Cuando un bar está lleno de gente no es porque los clientes se hayan seguido unos a otros, sino porque algo interesante tiene. Eso le pasa a los mosquitos con las personas. No se mueven en grupo, sino atraídos individualmente por las mismas señales, según acaba de constatar una investigación.

Pese a lo trivial que pueda parecer descifrar cómo se mueven los mosquitos, es una cuestión fundamental para la salud pública.
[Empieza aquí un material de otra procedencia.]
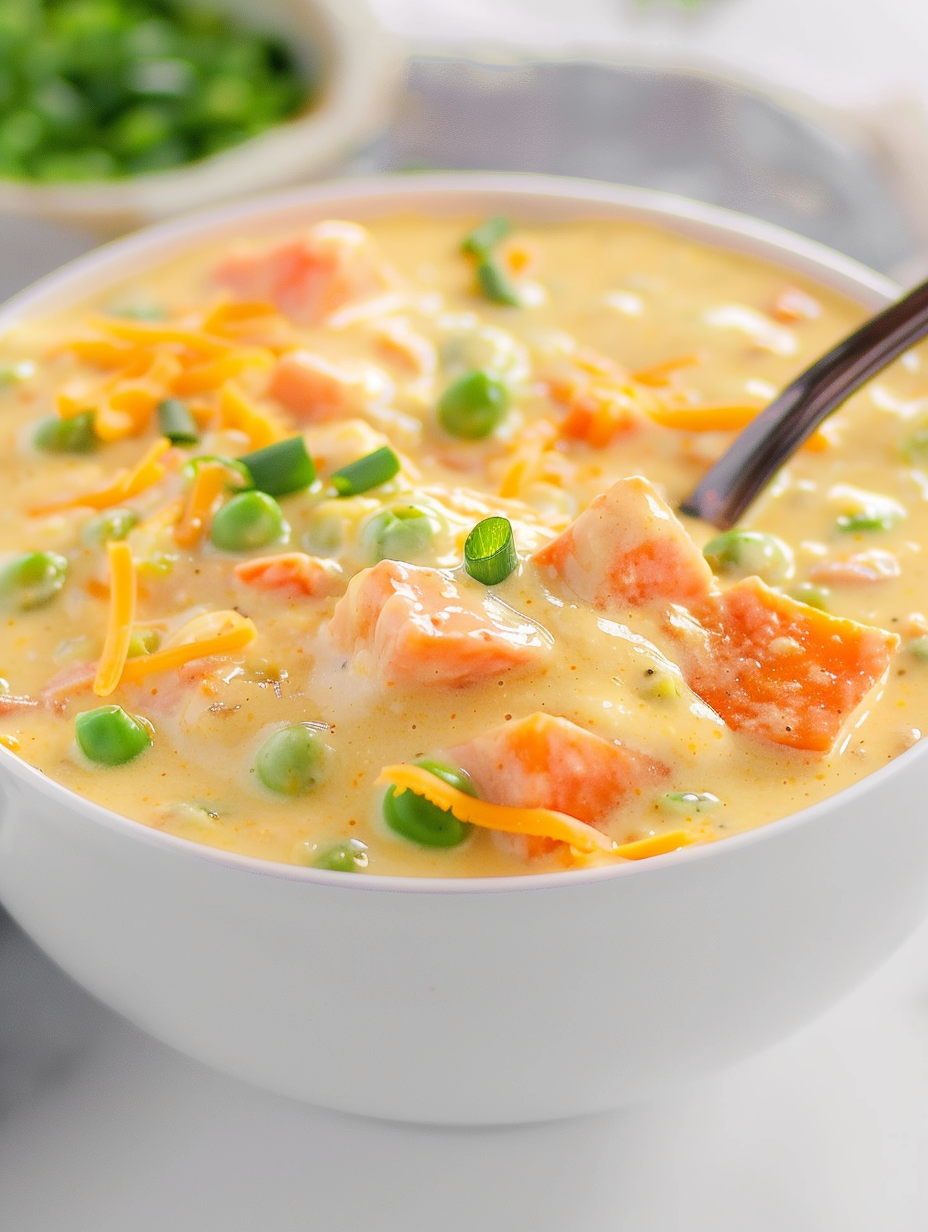 Curried sweet potato chowder in a bowl garnished with cheese and green onions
La ciencia los considera de los «animales más peligros» para las personas, porque trasmiten todo tipo de enfermedades (dengue, malaria…) y causan más de 770.000 muertes al año.
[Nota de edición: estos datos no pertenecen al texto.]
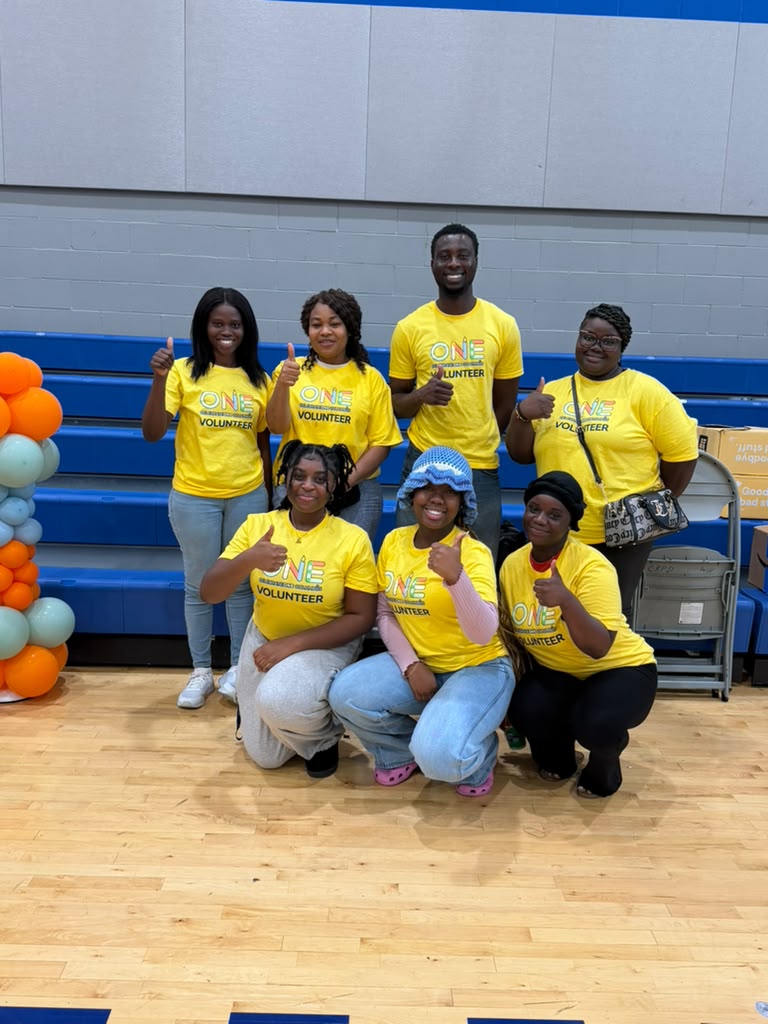 Volunteers at a community baby shower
De las 3.500 especies conocidas de mosquitos, alrededor de 100 han evolucionado para atacar específicamente a los humanos, incluido Aedes aegypti, también llamado mosquito de la fiebre amarilla porque trasmite esta enfermedad.

Esa especie, muy común en el sureste de Estados Unidos y otras partes del mundo, utiliza diversas señales para localizar a sus huéspedes humanos y ha sido la escogida para este estudio, cuyas conclusiones recoge hoy la revista Science Advances.
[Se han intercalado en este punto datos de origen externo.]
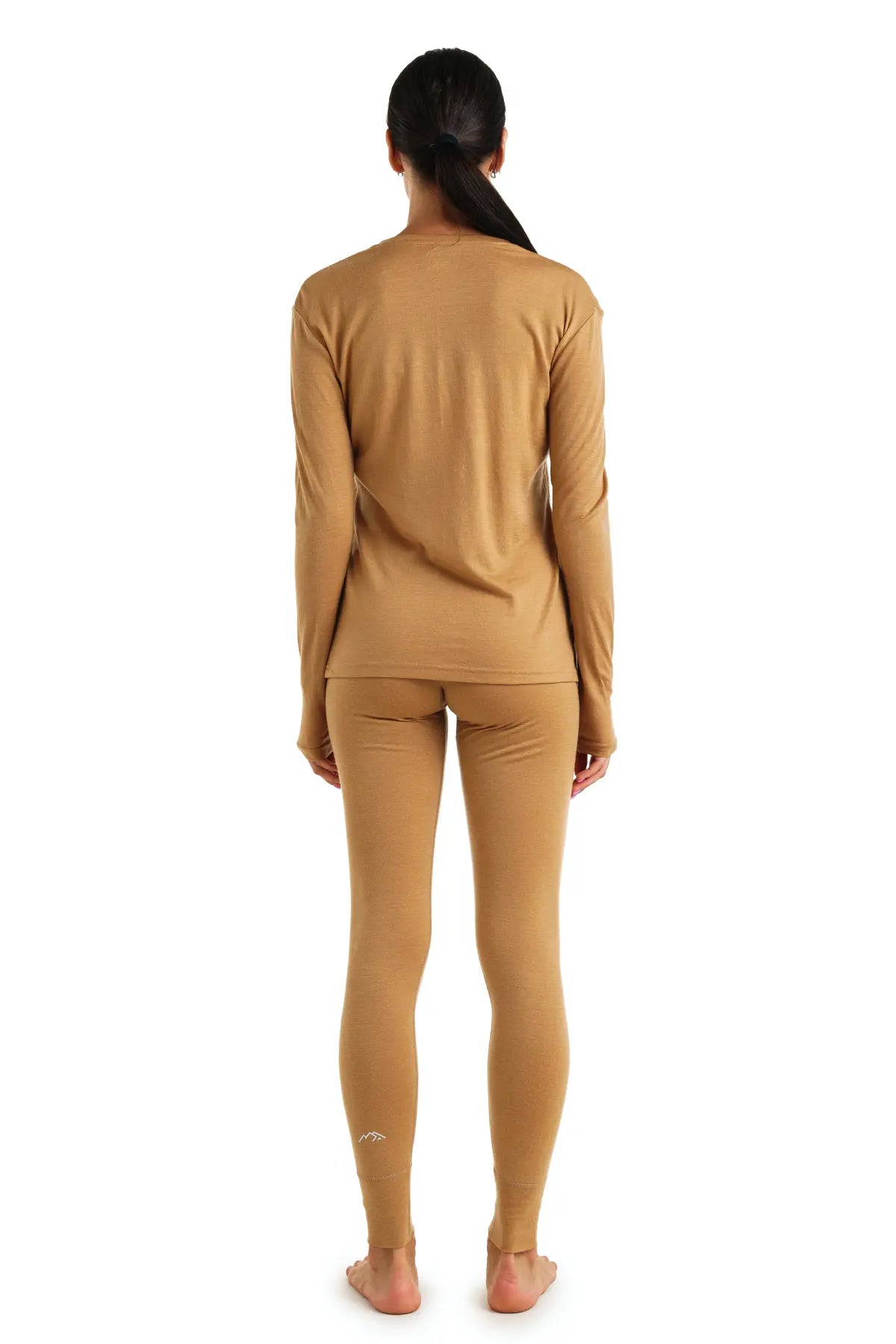 Women's Merino Wool Thermal Underwear Set - 165 Camel Color - Soft & Warm Base Layer for Winter, Hiking & Outdoor Activities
La investigación, llevada a cabo por científicos de dos centros estadounidenses, el Instituto de Tecnología de Massachusetts (MIT) y Georgia Tech, ha permitido visualizar en 3D el comportamiento de vuelo de los mosquitos, lo que podría redundar en mejores estrategias de control y captura de estos insectos.

Esa visualización tridimensional del modelo de vuelo ha permitido saber que un mosquito localiza a su presa con la ayuda de ciertas señales de su entorno, como la silueta de una persona y el dióxido de carbono (CO2) que esta exhala.

Para llegar a esta conclusión los investigadores han hecho tres experimentos con entre 50 y 100 mosquitos, en los que se han recopila más de 53 millones de puntos de datos y más de 477.220 trayectorias de vuelo.

Como resultado, han creado un modelo matemático que predice cómo y hacia dónde volarán las hembras de mosquito para alimentarse de los seres humanos, o dicho de otro modo: sus reglas de vuelo. El modelo está disponible en una página web interactiva en abierto para que puedan usarlo otros investigadores.

 

Condiciones de ataque

«Nuestros experimentos indican que los mosquitos se agrupan no porque sigan al grupo, sino que cada uno capta señales de forma independiente y acaban encontrándose en el mismo lugar al mismo tiempo», señala uno de los autores, David Hu, profesor de ingeniería mecánica en la Universidad Georgia Tech.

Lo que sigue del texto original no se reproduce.